The Egyptian names of the signs and Decans interpreted from the Noetic roots they contain will be found to correspond with the meanings here given, as do the Egyptian figures with the purport of those we have received from the Chaldean astronomy.

From the beginning, their beginning, have these heavens which we now contemplate been declaring the glory of God, not only His power who made them and ruled their motions, but the greatest glory of all His great glories, "He that cometh will come." The sunlight of earth cometh, the starlight cometh, they depart and they return, teaching that the Light from heaven shall come, shall depart, and shall return, in no transitory gleam,—a morning without clouds, without an evening, a sunrise without a sunset. The revolution of the heavens so taught the eternal truth developed in time, to shine to all eternity. The sun day by day teaches that He whose type it is comes, goes, and will surely come again. Those who lived before the first coming, lived in a dawning hope of that coming; those who have lived after it, in an evening faith, that He has come and will come again. The faith of the ancient patriarchs was of the early dawn, under a sky brightened by the beams of prophecy, gorgeous, and full of hope; the faith of those who lived while the Sun of righteousness shone on earth, rejoiced in noonday brightness; we who live after its departure, gaze hopefully on the mingled glories of prophecy fulfilled, and prophecy that is splendid with the promise of its return. Those who adapted the ancient zodiac and its accompanying constellations equally to the configuration of the starry heavens and to the revelation of the future destiny of earth then given to them, proclaim from both "He cometh." So daily spake the setting and re-arising of the sun, so proclaimed Orion and Sirius among the stars. So were they named to express first and foremost that all-important truth, He cometh, by those who framed that ancient delineation of the heavens from what they saw and what they had been taught to hope.

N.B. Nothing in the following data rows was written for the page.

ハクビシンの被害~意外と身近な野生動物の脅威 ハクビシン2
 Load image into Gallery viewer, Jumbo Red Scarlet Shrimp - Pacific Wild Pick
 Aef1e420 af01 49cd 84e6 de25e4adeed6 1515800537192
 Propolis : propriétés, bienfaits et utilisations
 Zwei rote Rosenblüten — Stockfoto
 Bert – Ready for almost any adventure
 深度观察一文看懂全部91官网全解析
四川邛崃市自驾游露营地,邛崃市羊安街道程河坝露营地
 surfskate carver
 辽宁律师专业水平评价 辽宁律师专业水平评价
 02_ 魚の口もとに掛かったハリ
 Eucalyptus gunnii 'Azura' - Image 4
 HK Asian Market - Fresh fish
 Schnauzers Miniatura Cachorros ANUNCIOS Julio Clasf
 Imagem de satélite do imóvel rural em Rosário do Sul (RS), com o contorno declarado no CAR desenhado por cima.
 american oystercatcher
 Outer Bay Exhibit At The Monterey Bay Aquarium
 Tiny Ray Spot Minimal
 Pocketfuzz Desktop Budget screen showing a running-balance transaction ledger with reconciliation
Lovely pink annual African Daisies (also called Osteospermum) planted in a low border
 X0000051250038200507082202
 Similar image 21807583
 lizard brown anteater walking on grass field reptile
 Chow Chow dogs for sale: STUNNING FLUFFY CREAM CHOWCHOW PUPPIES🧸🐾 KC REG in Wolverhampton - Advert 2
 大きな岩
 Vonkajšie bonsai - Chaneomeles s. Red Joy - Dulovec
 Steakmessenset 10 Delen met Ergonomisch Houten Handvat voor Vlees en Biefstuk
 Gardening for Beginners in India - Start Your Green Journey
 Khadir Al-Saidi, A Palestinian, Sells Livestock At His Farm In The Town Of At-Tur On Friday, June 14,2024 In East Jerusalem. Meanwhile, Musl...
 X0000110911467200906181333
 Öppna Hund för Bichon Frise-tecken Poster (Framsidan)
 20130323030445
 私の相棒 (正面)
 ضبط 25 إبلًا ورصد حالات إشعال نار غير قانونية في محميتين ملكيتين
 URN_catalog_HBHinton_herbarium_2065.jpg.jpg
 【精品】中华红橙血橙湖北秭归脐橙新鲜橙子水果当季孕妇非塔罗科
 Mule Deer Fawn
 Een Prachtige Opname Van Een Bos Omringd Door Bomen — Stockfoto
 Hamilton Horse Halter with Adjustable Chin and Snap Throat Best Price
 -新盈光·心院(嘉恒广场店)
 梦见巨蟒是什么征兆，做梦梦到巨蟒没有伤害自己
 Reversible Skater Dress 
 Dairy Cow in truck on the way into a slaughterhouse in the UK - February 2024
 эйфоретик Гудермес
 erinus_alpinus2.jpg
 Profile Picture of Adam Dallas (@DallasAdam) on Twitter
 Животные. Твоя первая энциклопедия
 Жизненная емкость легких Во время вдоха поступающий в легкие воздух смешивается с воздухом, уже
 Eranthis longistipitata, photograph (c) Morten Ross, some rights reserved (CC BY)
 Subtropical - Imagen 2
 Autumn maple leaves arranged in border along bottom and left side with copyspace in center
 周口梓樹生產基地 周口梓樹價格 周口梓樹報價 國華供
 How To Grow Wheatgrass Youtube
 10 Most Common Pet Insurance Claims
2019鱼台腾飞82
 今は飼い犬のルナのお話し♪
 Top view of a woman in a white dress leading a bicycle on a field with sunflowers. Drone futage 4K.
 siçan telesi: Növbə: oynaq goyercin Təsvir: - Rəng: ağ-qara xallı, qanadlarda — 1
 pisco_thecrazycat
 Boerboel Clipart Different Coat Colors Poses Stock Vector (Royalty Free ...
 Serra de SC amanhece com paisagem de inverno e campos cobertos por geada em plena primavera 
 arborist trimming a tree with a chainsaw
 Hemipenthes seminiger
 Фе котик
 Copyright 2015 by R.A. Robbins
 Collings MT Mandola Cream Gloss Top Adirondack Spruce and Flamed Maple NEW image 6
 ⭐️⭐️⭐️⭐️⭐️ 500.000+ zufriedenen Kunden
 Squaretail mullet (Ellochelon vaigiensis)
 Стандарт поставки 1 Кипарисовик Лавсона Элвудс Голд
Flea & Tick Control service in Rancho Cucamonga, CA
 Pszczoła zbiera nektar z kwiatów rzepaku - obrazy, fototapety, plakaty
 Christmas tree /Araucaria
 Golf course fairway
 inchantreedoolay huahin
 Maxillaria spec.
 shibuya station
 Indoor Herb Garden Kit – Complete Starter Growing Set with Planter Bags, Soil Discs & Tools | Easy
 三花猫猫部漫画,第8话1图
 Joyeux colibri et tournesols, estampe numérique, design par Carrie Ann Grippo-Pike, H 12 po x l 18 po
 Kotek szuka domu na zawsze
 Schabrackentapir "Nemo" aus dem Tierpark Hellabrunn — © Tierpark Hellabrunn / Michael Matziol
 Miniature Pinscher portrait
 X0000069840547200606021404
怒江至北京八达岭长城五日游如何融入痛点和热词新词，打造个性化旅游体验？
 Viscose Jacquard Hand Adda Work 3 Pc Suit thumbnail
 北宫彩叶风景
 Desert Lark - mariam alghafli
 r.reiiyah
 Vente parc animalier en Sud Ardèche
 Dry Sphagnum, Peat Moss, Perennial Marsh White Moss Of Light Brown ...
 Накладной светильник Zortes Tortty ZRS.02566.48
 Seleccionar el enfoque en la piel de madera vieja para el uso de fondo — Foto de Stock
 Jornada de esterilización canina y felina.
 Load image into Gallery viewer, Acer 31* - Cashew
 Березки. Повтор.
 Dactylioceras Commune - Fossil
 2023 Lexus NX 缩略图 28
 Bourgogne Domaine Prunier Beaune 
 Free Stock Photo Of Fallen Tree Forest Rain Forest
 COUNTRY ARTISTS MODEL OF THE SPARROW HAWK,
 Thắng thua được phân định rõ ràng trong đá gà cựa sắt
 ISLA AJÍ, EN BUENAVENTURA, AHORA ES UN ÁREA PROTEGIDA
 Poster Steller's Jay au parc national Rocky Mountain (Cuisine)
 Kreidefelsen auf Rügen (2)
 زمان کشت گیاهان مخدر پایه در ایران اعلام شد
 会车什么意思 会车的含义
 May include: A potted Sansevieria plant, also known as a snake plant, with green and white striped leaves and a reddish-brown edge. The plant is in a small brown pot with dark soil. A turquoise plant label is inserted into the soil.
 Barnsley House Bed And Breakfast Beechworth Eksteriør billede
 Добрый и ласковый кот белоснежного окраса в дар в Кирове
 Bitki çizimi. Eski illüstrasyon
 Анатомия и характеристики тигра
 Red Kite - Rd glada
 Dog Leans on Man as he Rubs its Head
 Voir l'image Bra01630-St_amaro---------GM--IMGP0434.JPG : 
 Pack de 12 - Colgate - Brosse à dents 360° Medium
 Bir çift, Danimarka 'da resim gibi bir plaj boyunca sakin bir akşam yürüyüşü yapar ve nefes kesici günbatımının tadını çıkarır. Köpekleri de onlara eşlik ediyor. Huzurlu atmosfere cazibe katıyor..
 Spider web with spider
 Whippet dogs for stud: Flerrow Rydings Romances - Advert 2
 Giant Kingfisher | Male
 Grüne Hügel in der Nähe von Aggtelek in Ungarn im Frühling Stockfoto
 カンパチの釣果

The Egyptians chiefly dwelt on His coming to rule, to conquer, to bruise the serpent's head; the Chaldeans more on the equally important and more amazing truth, He shall be bruised. The constellations* transmitted by them show every where the bruised heel, the foot held up as wounded; while in the Egyptian planisphere the foot of the conqueror is on the serpent: thus it is made evident that they were not borrowed from each other, but had some common source, from which both series of emblems were derived, that source being the original prophecy, "He** shall bruise thy head, and thou shalt bruise his heel."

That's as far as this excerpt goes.